Source information:
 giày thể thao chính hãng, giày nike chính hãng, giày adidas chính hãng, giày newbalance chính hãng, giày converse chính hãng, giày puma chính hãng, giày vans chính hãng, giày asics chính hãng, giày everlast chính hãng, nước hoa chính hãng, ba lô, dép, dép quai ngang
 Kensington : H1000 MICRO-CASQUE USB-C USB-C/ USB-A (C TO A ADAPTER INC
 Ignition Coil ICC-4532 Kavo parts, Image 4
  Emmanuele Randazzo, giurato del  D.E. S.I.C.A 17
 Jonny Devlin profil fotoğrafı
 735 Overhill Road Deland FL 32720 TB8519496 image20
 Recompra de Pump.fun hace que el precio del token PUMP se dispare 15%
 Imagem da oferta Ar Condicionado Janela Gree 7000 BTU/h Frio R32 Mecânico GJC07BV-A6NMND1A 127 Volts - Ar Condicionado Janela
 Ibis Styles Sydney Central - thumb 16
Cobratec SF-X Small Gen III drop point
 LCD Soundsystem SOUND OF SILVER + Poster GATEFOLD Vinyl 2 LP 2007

...

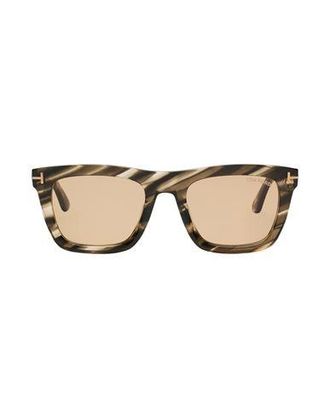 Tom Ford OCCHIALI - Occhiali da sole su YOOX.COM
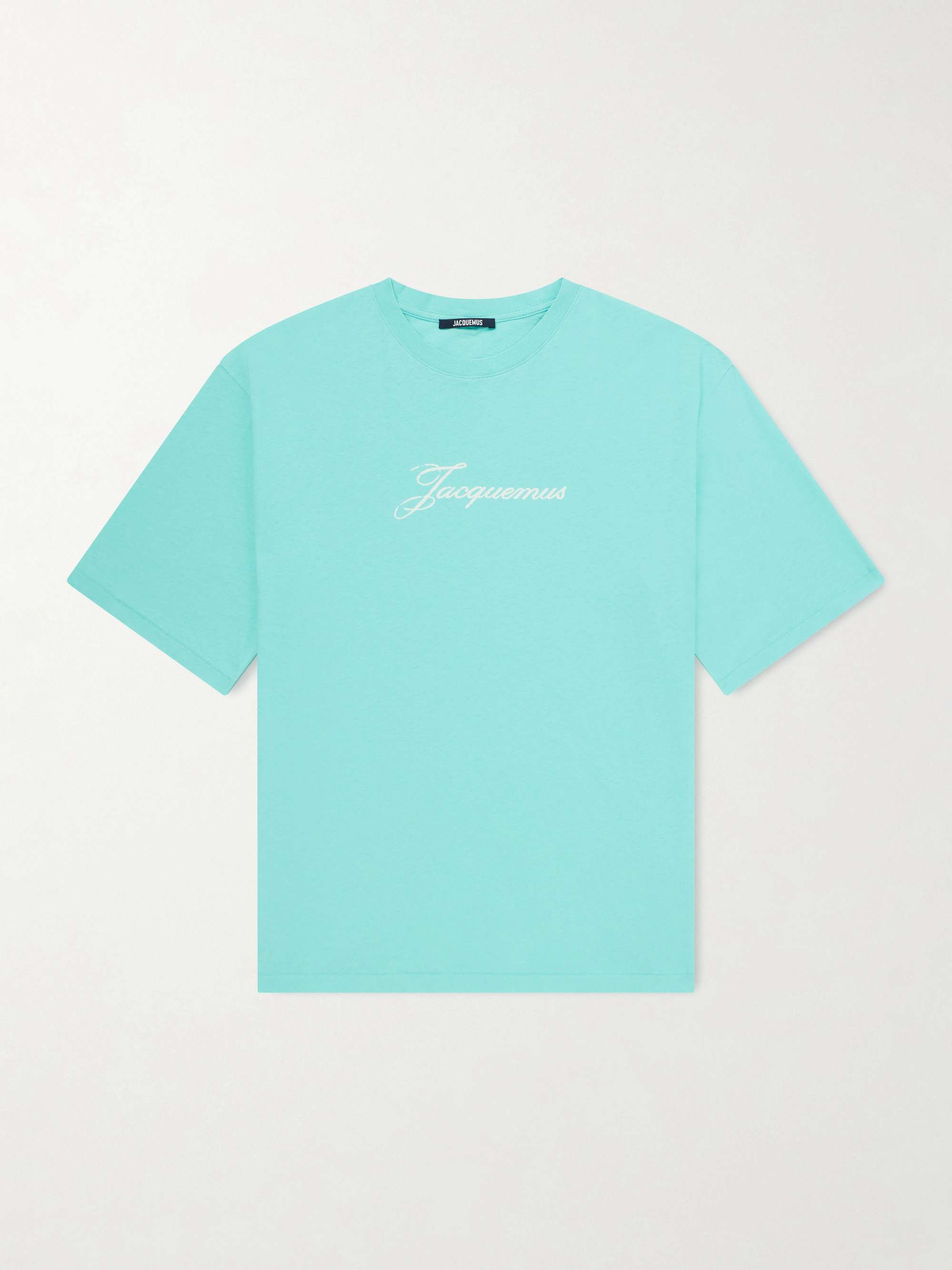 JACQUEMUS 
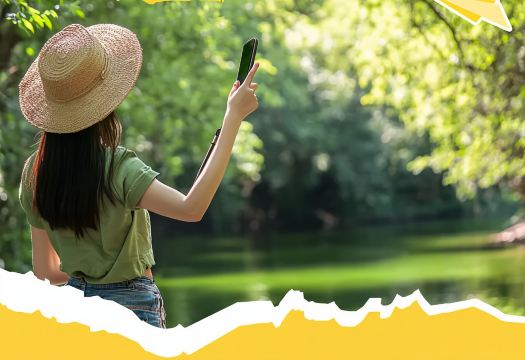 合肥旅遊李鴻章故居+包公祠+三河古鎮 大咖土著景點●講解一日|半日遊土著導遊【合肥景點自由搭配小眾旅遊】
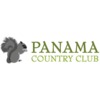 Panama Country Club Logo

==

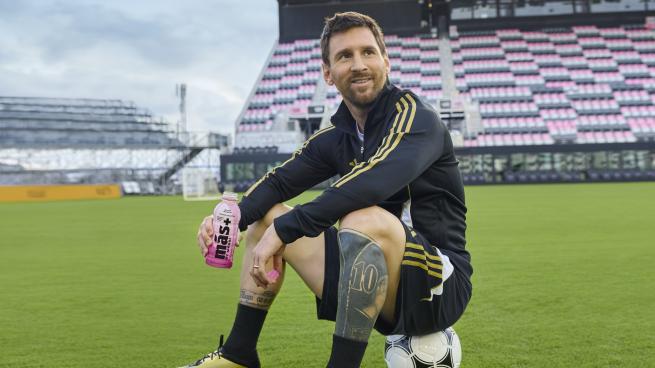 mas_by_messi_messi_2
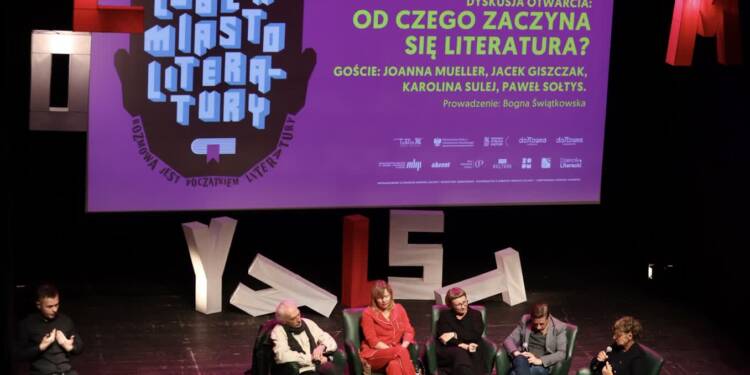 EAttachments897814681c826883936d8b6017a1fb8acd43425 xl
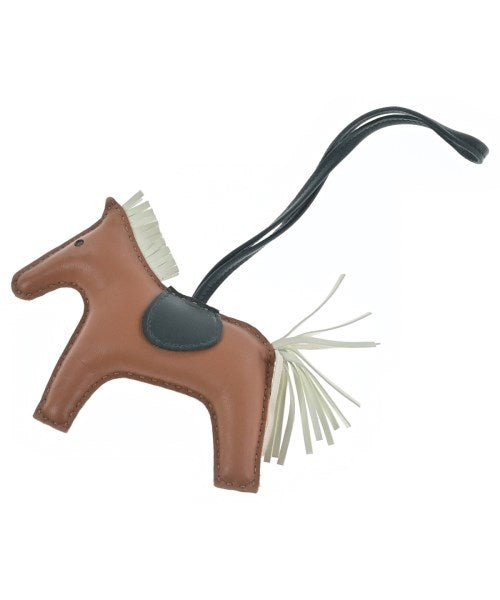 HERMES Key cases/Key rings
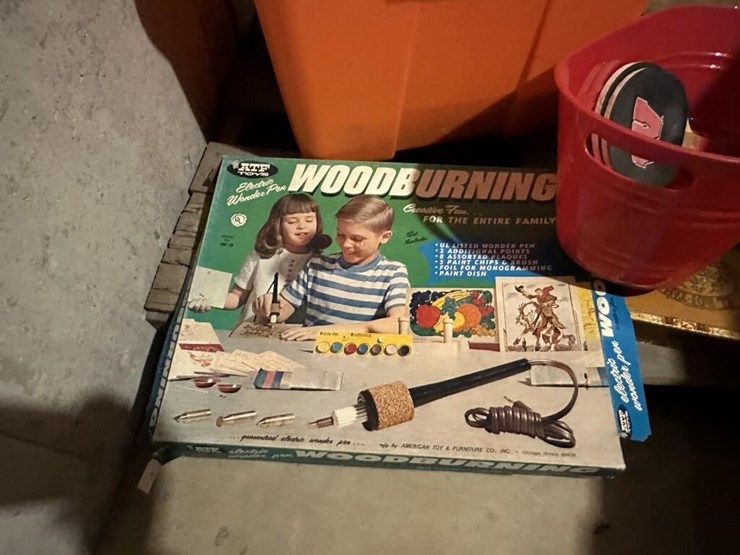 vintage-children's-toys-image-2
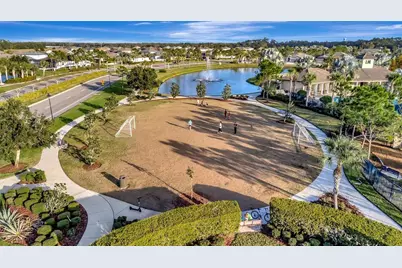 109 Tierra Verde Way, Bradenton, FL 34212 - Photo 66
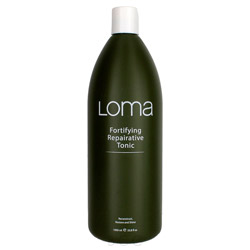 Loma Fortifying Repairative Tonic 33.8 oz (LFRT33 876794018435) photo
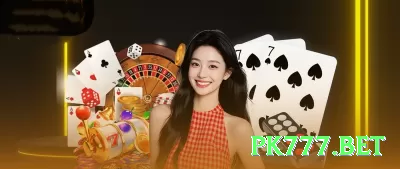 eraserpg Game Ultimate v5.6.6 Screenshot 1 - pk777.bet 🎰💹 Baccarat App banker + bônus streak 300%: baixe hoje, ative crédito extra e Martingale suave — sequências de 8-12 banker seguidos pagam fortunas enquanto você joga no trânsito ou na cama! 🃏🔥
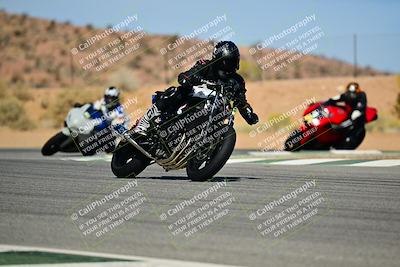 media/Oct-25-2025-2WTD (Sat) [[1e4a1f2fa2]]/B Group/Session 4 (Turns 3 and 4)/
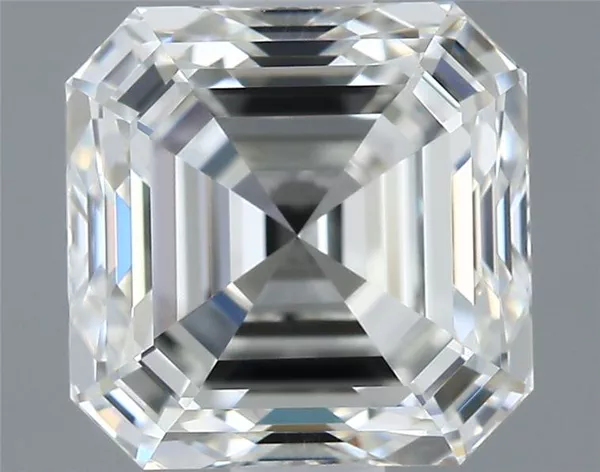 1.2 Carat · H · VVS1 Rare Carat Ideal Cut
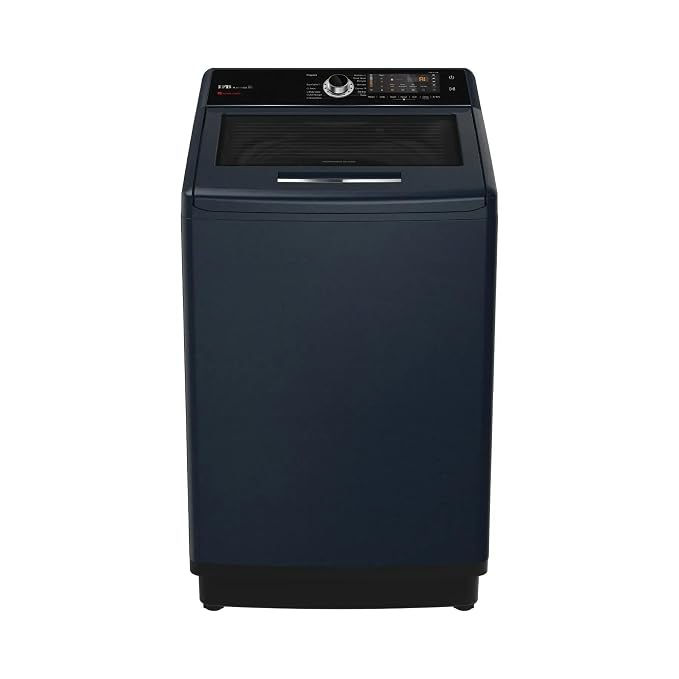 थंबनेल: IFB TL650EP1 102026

Work item: Output exactly the lines above, beginning at the one with "HERMES Key cases/Key rings" and stopping after the one with "Loma Fortifying Repairative". Pictures are to be omitted.

Task response:
 HERMES Key cases/Key rings
 vintage-children's-toys-image-2
 109 Tierra Verde Way, Bradenton, FL 34212 - Photo 66
 Loma Fortifying Repairative Tonic 33.8 oz (LFRT33 876794018435) photo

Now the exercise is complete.